> _Work to be completed_
Before copying, find the line below that contains "Einfamilienhaus zum Kauf"; then return it and all later lines exactly, up to and including the final line, with no pictures.

> _Data to use_
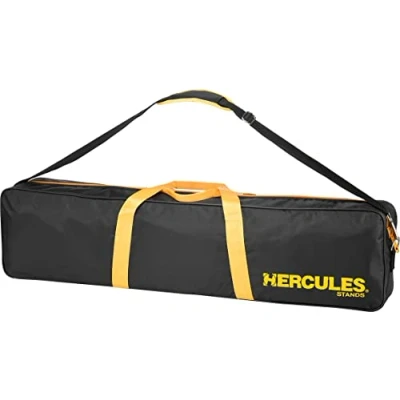 Immagine di Hercules BSB001 Orchestral Music Stand Bag, black, 34.8 in*4.5 in*9.2 in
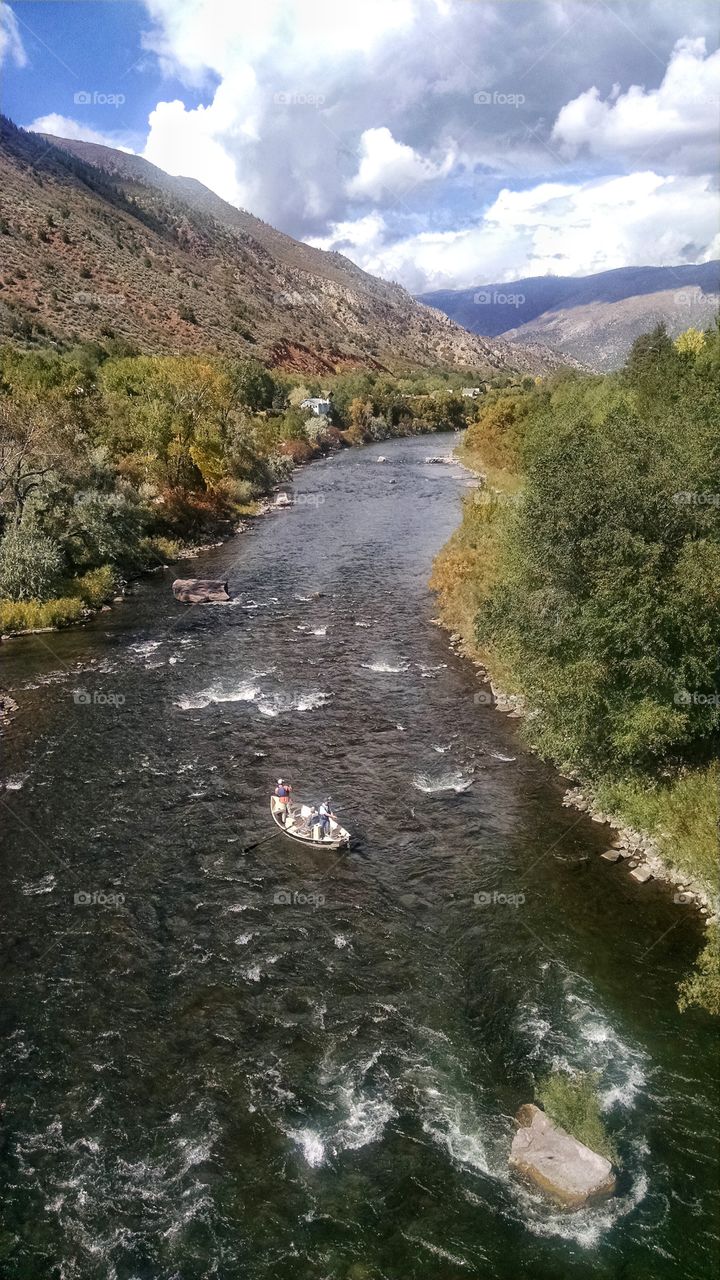 Living is good in our backyard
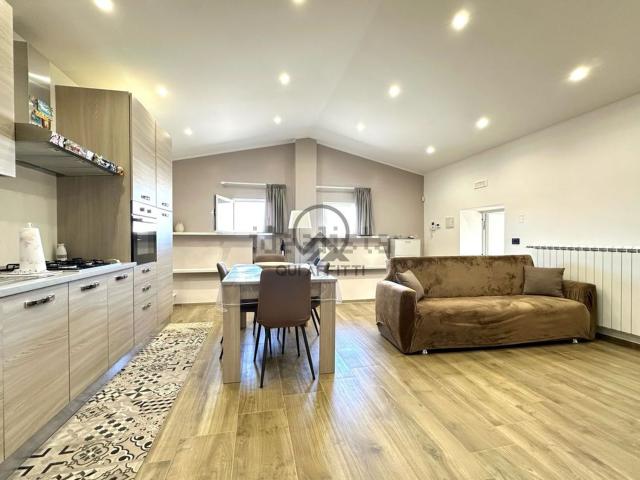 Appartamento in affitto di 65 m² in Via Garibaldi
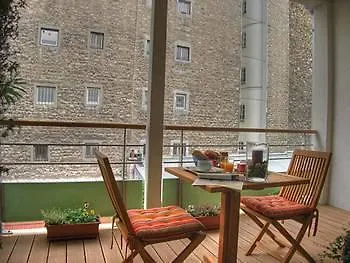 Residhotel Imperial Rennequin 3*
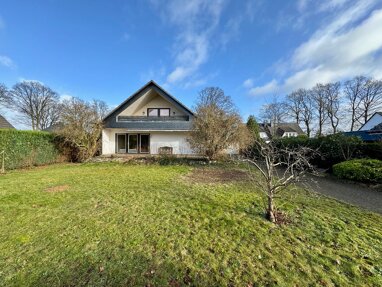 Einfamilienhaus zum Kauf 365.000 € 3 Zimmer 91,5 m² 805 m² Grundstück Wilstedt-Siedlung Tangstedt 22889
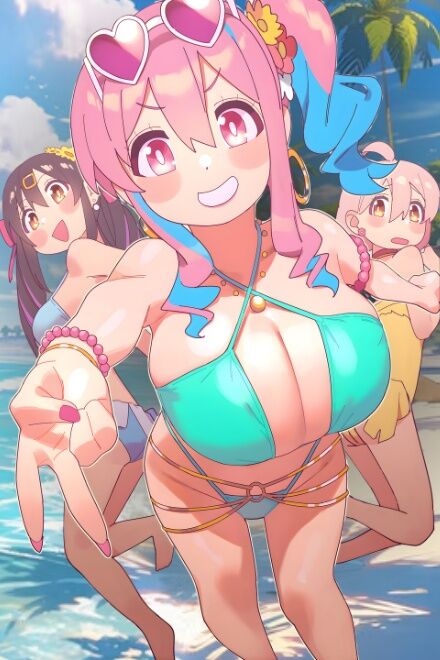 Onii-chan Wa Oshimai!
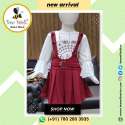 Kids Designer Dress thumb 3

> _Task result_
 Einfamilienhaus zum Kauf 365.000 € 3 Zimmer 91,5 m² 805 m² Grundstück Wilstedt-Siedlung Tangstedt 22889
 Onii-chan Wa Oshimai!
 Kids Designer Dress thumb 3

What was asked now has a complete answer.